|David Bowie in the Young Americans Tour.|
Wikimedia Commons by Hunter Disportes.
I didn't grow up listening to David Bowie. I knew who he was, because it how could anyone go through the 80s and 90s without knowing who David Bowie was, but it was probably more because his sweet outfits broke through even the most conservative of Mennonite upbringings (and relative to conservative Mennonites, my family was pretty liberal).
The first time I really encountered David Bowie, though, it was in a parody. (Thank you, Flight of the Conchords! I bet you didn't realize that when you lovingly parodied a glam rock icon you would actually be introducing him to someone who was older than 10!) Like any good parody, it made me think that David Bowie was probably pretty great and motivated me to check him out.
When I looked him up, I was pleasantly surprised to find that some of the songs were actually familiar! The intro to Under Pressure, Heroes (thanks to Moulin Rouge), China Girl (thanks to The Wedding Singer), Let's Dance, Ch-ch-ch-changes. I knew some Bowie songs! I hadn't entirely missed a cultural icon! How nice.
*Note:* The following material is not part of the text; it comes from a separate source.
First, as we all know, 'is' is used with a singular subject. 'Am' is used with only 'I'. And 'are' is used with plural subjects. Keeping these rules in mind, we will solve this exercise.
If this were a proper tribute, now would be the moment where I talk about how I became huge fan and memorized his lyrics and learned to play his songs on the guitar and then finally created my own art, set free by Bowie's unhindered spirit.
In reality, I never really listened to him again. It's kind of strange that I didn't get more into Bowie. After all, he struck that nearly-impossible balance between artistry and fun, and his creativity is undeniable. There is no particular reason for the lack of Bowie in my life except that, I don't know, I guess I just wasn't in the habit of hanging out with his work?
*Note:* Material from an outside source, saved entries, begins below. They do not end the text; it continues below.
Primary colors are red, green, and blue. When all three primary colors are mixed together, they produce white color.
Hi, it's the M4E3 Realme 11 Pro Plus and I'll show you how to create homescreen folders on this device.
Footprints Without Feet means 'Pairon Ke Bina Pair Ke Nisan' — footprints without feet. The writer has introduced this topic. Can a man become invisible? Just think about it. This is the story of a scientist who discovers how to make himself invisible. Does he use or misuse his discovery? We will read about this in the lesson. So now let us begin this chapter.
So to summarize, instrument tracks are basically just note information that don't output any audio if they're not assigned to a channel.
Then, on Sunday, he passed away. The molecules and atoms that made up his body, that somehow managed to come together into the "self" that created all that incredible work, will dissolve back into the universe and become one with everything else again. Some of them might eventually grow into a really funny looking tree that grows very tall and very thin up to the sky.
It's always a bit strange when a celebrity dies. If they impacted your life, then it's heartbreaking, which can be confusing because you didn't actually know them. If they didn't really impact your life, it's still sad because they are a person and it's always sad when a person dies. It's that strange feeling of an acquaintance passing - an acquaintance who all your friends were very close with but you didn't really know that well. You feel there is a loss, and you see that loss much more pronounced in those around you. You feel some grief, mostly out of empathy for the grief that surrounds you.
To David Bowie, up there in space, I want to say thank you. Thanks for being the artist you were and for always just doing your thing and not caring about anything else. For not holding yourself back. It was very good for the human race to have an example of a person who didn't hold himself back AND had a sense of humour about things.